2. The wick of claim 1, wherein the wick support is formed of cotton, linen, cellulose, plastics or ceramic material, paper, hemp, wood, metal, and combination thereof.

3. The wick of claim 1, wherein the catalyst is present at a level of 0.1% to 20% by weight of the wick.

4. The wick of claim 1, wherein the catalyst is (i) a catalytic metal, or an oxide or salt thereof, or (ii) a catalytic metal deposited on a catalyst support.

5. The wick of claim 4, wherein the catalytic metal is platinum, palladium, rhodium, iridium, ruthenium, lanthanum, gold, copper, silver, calcium, magnesium, manganese, aluminum, cerium, any salt or oxide thereof, and any combination thereof; and the catalytic support is active carbon, zeolite, alumina, and any combination thereof.

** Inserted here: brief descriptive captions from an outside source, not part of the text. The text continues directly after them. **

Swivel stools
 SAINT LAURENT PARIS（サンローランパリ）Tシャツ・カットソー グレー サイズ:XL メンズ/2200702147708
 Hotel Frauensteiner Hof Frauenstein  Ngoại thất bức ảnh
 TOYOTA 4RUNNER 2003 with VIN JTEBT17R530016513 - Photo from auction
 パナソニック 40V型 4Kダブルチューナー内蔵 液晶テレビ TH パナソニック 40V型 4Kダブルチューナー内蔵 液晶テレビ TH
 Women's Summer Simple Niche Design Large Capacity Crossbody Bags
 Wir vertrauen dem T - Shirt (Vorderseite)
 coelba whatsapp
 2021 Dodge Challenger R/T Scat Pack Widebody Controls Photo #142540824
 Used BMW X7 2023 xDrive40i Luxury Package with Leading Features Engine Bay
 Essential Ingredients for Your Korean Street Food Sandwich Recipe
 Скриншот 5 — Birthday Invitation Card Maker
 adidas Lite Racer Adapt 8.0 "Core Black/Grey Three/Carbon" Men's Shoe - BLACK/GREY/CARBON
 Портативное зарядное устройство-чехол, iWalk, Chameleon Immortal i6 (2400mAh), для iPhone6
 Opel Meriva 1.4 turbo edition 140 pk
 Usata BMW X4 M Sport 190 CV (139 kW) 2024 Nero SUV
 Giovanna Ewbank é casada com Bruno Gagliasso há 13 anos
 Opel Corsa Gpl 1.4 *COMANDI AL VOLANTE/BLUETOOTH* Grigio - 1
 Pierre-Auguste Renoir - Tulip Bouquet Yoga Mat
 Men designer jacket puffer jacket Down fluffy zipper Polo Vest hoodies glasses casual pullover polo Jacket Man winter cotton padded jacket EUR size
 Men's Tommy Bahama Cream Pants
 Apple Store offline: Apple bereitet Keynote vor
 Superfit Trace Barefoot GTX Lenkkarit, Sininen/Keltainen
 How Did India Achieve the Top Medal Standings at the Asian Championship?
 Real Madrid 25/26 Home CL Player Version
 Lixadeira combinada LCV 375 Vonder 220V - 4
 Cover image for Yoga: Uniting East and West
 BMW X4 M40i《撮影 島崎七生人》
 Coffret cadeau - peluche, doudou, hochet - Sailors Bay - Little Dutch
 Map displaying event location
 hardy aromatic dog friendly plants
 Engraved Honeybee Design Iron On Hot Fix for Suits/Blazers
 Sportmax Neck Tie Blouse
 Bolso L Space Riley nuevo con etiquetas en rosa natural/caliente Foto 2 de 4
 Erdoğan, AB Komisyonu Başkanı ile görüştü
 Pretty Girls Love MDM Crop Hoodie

6. The wick of claim 1, wherein the catalyst is platinum on carbon (Pt/C), palladium on carbon (Pd/C), platinum on zeolite, palladium on zeolite, platinum on alumina (Pt/alumina), palladium on alumina (Pd/Alumina), and aluminosilicate zeolite.

7. The wick of claim 1, wherein the wick support contains a carbon material at a level of 40% to 100% by weight of the wick support.

8. The wick of claim 1, wherein the wick is coated with wax.

9. A candle comprising (i) the wick of claim 1 and (ii) a fuel.

10. The candle of claim 9, further comprising a fragrance.

11. The candle of claim 9, further comprising an additive selecting from the group consisting of antioxidants, insect repellents, colorants, and combinations thereof.

12. The candle of claim 9, wherein the fuel is a soy wax, a paraffin wax, a palm wax, a beeswax, a hydrogenated natural oil, or a combination thereof.

13. The candle of claim 9, wherein the candle has two or more wicks.

14. The candle of claim 10, wherein the fragrance is present at a level of 0.1% to 30% by weight of the candle.

15. The candle of claim 9, wherein the candle further comprising a container as a part of the candle.

16. The candle of claim 9, wherein the candle is free-standing.